(INSTRUCTIONS FOR THE TASK): Exactly reproduce each record listed below.

※ ※ ※

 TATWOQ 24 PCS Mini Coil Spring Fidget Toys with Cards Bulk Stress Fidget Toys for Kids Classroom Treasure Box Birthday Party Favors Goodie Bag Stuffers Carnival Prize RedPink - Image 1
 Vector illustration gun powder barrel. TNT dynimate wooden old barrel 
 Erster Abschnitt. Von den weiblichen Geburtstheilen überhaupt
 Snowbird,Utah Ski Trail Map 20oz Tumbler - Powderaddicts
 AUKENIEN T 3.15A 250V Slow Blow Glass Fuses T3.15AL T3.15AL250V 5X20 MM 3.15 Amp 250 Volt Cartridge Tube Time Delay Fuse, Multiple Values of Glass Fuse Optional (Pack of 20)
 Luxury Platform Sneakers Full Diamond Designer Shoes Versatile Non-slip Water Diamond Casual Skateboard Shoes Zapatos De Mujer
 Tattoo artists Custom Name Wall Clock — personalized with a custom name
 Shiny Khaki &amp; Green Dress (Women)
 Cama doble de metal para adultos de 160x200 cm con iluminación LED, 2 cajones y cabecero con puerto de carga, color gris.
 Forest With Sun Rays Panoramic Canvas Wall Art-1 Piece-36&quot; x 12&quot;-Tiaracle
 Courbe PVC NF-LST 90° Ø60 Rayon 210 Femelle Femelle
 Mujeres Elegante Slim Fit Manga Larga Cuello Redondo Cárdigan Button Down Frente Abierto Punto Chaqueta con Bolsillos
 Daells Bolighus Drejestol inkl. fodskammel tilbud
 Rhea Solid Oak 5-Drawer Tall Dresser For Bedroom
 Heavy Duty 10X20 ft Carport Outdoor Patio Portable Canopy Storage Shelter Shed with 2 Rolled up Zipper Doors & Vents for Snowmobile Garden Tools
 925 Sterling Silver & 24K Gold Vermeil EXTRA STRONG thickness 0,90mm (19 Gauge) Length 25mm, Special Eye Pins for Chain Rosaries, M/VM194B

※ ※ ※

(WRITTEN SOLUTION):
 TATWOQ 24 PCS Mini Coil Spring Fidget Toys with Cards Bulk Stress Fidget Toys for Kids Classroom Treasure Box Birthday Party Favors Goodie Bag Stuffers Carnival Prize RedPink - Image 1
 Vector illustration gun powder barrel. TNT dynimate wooden old barrel 
 Erster Abschnitt. Von den weiblichen Geburtstheilen überhaupt
 Snowbird,Utah Ski Trail Map 20oz Tumbler - Powderaddicts
 AUKENIEN T 3.15A 250V Slow Blow Glass Fuses T3.15AL T3.15AL250V 5X20 MM 3.15 Amp 250 Volt Cartridge Tube Time Delay Fuse, Multiple Values of Glass Fuse Optional (Pack of 20)
 Luxury Platform Sneakers Full Diamond Designer Shoes Versatile Non-slip Water Diamond Casual Skateboard Shoes Zapatos De Mujer
 Tattoo artists Custom Name Wall Clock — personalized with a custom name
 Shiny Khaki &amp; Green Dress (Women)
 Cama doble de metal para adultos de 160x200 cm con iluminación LED, 2 cajones y cabecero con puerto de carga, color gris.
 Forest With Sun Rays Panoramic Canvas Wall Art-1 Piece-36&quot; x 12&quot;-Tiaracle
 Courbe PVC NF-LST 90° Ø60 Rayon 210 Femelle Femelle
 Mujeres Elegante Slim Fit Manga Larga Cuello Redondo Cárdigan Button Down Frente Abierto Punto Chaqueta con Bolsillos
 Daells Bolighus Drejestol inkl. fodskammel tilbud
 Rhea Solid Oak 5-Drawer Tall Dresser For Bedroom
 Heavy Duty 10X20 ft Carport Outdoor Patio Portable Canopy Storage Shelter Shed with 2 Rolled up Zipper Doors & Vents for Snowmobile Garden Tools
 925 Sterling Silver & 24K Gold Vermeil EXTRA STRONG thickness 0,90mm (19 Gauge) Length 25mm, Special Eye Pins for Chain Rosaries, M/VM194B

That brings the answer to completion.